Opinião
Regularização do IVA nos incobráveis
A regularização do IVA nos incobráveis é um tema recorrente de dúvidas e discussão entre os operadores económicos e contabilistas. O objetivo deste artigo é, em linguagem simples e sintética, tentar fazer alguma luz sobre esta matéria e alertar para as novidades em matéria fiscal.
Para melhor se entender qual o significado da regularização do IVA é necessário entender a mecânica deste imposto - imposto sobre o valor acrescentado. O IVA é um tributo que incide sobre o consumo e que se aplica ao longo da cadeia produtiva, sendo também apelidado de imposto plurifásico.
Os operadores liquidam imposto aos adquirentes, os quais exercem o direito à dedução, recaindo o encargo no consumidor final ou nos sujeitos passivos sem direito à dedução.
A liquidação do IVA é efetuada na emissão da fatura e não no pagamento, pese embora seja possível a opção pelo regime de IVA de caixa.
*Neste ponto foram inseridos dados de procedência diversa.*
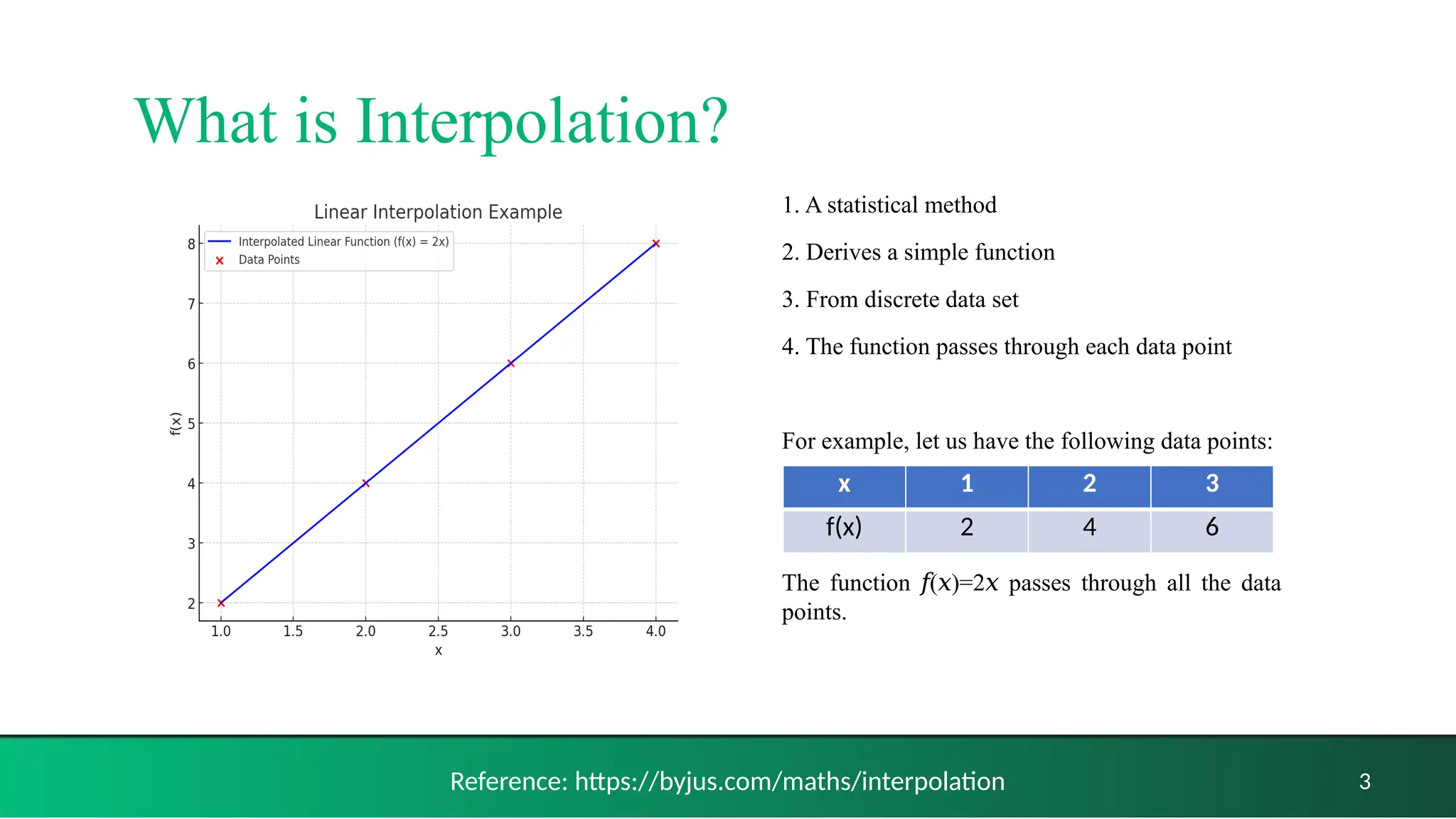 What is Interpolation?
3
1. A statistical method
2. Derives a simple function
3. From discrete data set
4. The function passes through each data point
For example, let us have the following data points:
The function ( )=2 passes through all the data
𝑓 𝑥 𝑥
points.
x 1 2 3
f(x) 2 4 6
Reference: https://byjus.com/maths/interpolation
 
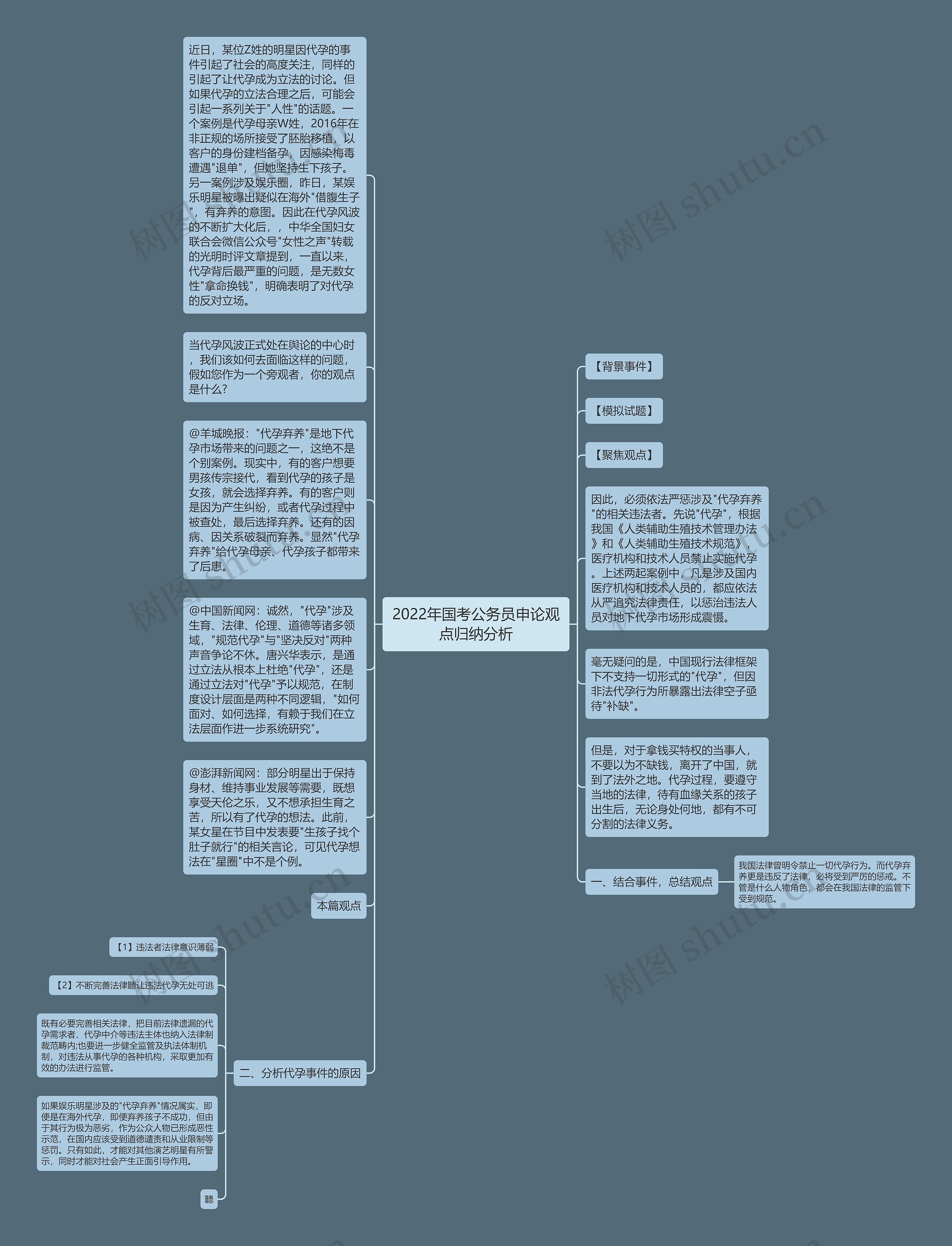 2022年国考公务员申论观点归纳分析思维导图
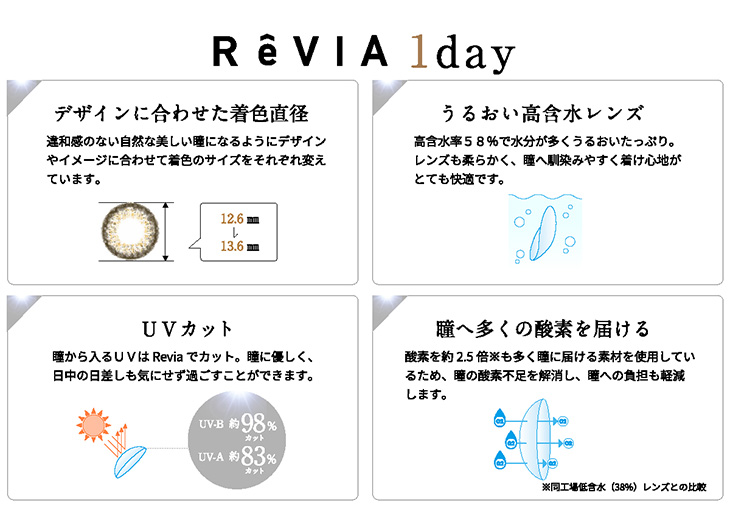 レヴィアワンデースペック,デザイン別着色直径,うるおい高含水レンズ,UVカット,瞳へ多くの酸素を届ける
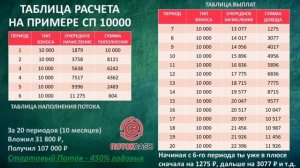 Стартовый поток подробный обзор potok cash
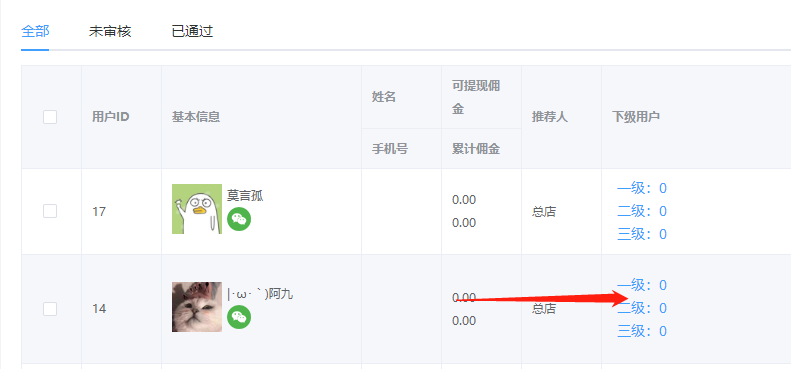 分销商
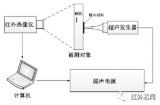 探究超声红外热像技术在金属裂纹检测中的热特性及应用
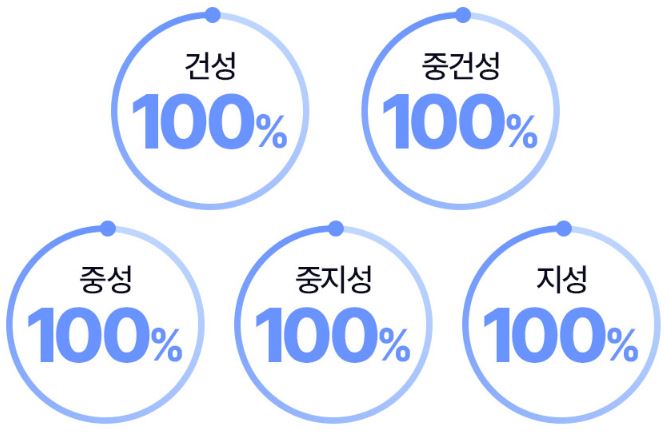 SNP UV 퍼펙트 에어쿨 선크림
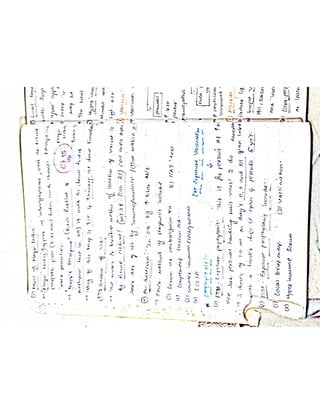 Mycology & Virology complete written notes 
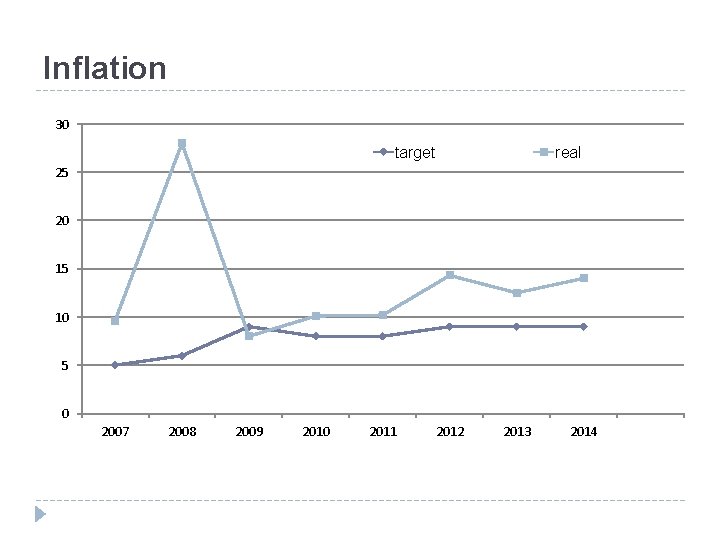 Inflation 30 target real 25 20 15 10 5 0 2007 2008 2009 2010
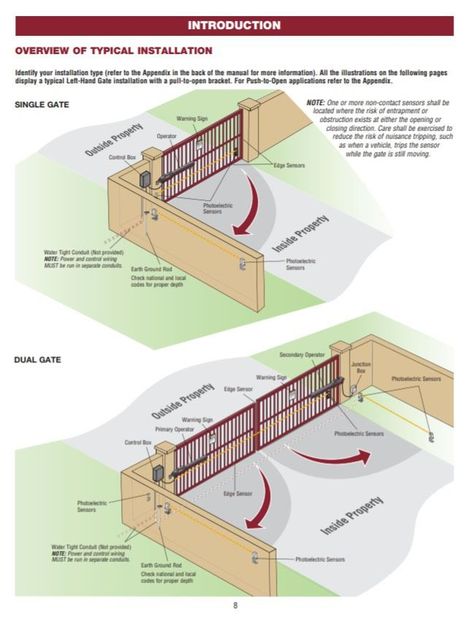 DIY Driveway Gate Installation | Installing Driveway Gates Tips & Info 2 Diy Sliding Gate Driveway, Diy Driveway Gate How To Build, Diy Driveway Gate Automatic, Diy Driveway Gate, Automated Driveway Gates, Motorized Gate Driveway, Driveway Gate Diy, Automatic Gates Driveways, Automatic Gate Opener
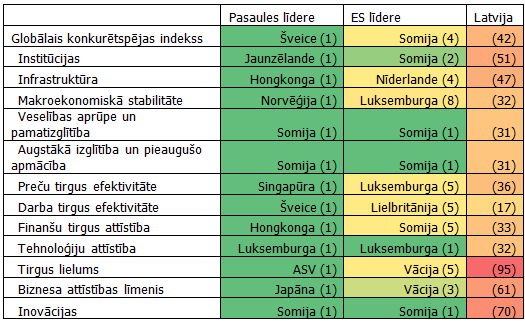 Valstu reitings GCI 2014. gadā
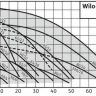 Насос цирк. WILO TOP S 40/15 EM PN6/10 L250мм арт 2165526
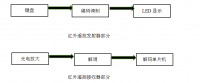 基于Altium Designer PCB应用软件的智能扫地机器人的设计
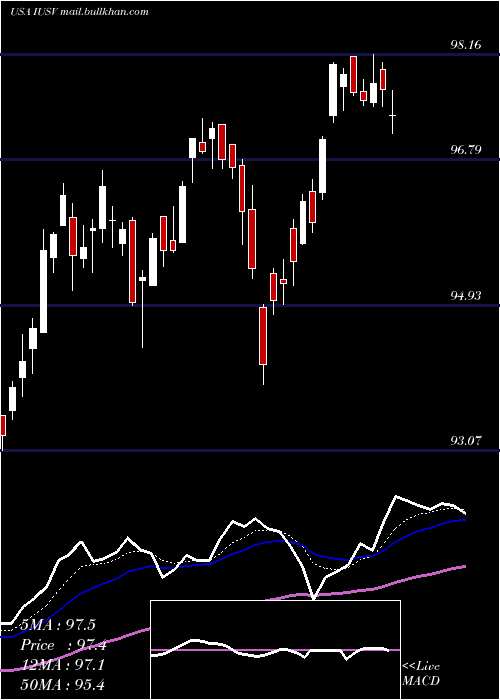 Daily chart IsharesCore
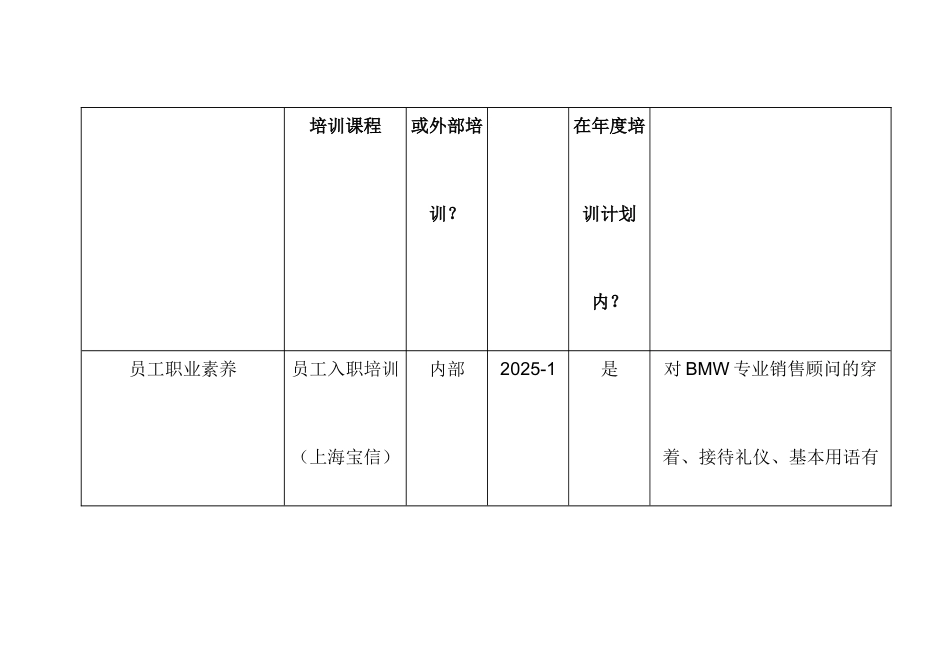 某汽车服务公司个人培训需求分析和培训计划_第2页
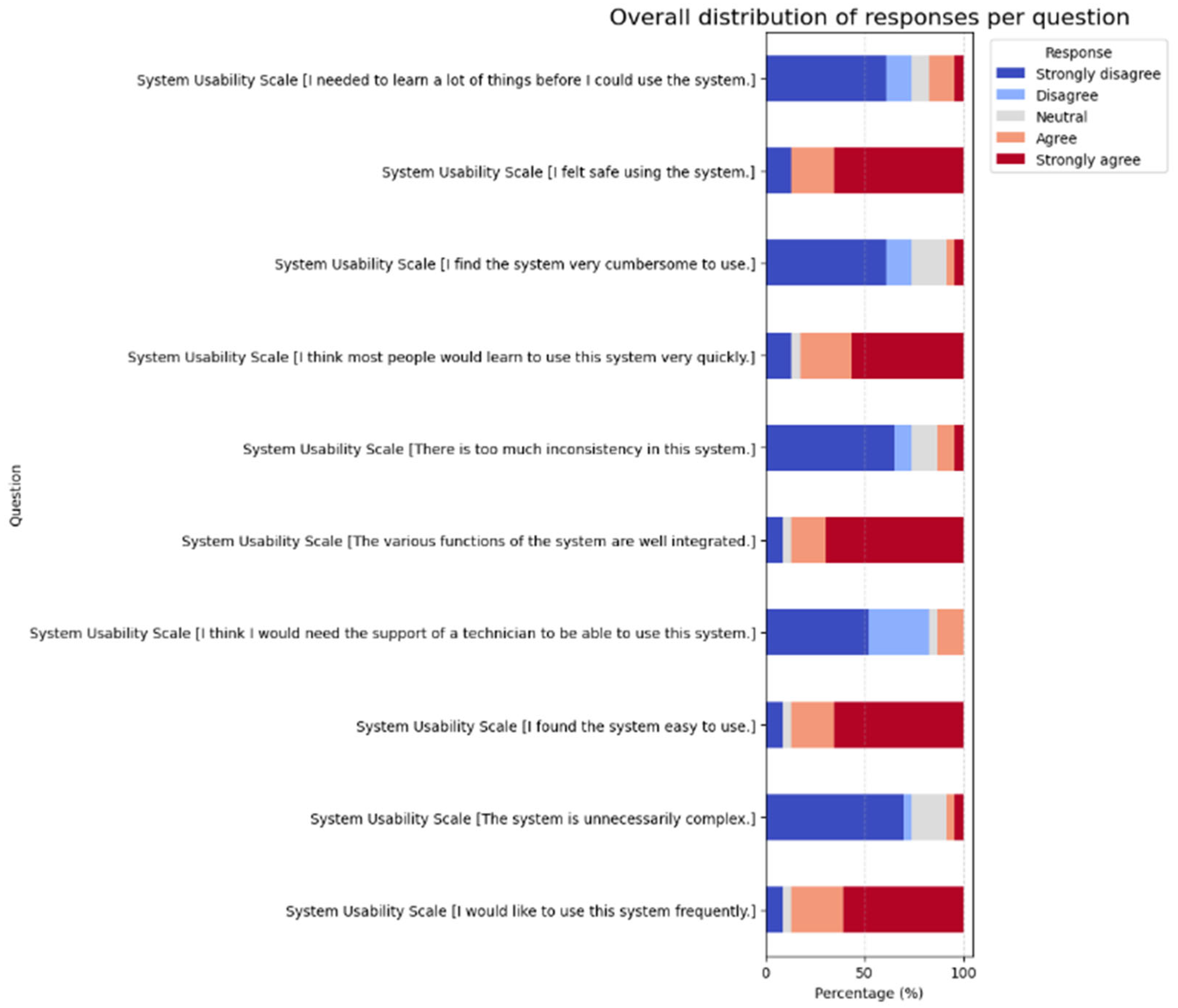 Computers 14 00312 g017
A regularização do IVA prevista no artigo 78.º e seguintes do Código do IVA permite ao credor deduzir a seu favor o imposto que liquidou e entregou nos cofres do Estado, mas que não recebeu.
Nos créditos incobráveis elencamos as situações em que é possível a regularização a favor do credor:
• Processo de execução, após o registo a que se refere a alínea b) do n.º 2 do artigo 717.º do Código do Processo Civil;
• Processo de insolvência, quando a mesma for decretada de caráter limitado, após o trânsito em julgado da sentença de verificação e graduação de créditos prevista no Código da Insolvência e da Recuperação de Empresas ou, quando exista, a homologação do plano objeto da deliberação prevista no artigo 156.º do mesmo Código;
• Processo especial de revitalização (PER), após homologação do plano de recuperação pelo juiz, previsto no artigo 17.º-F do Código da Insolvência e da Recuperação de Empresas (CIRE);
• Sistema de Recuperação de Empresas por Via Extrajudicial (SIREVE), após celebração do acordo previsto no diploma que aprovou este procedimento.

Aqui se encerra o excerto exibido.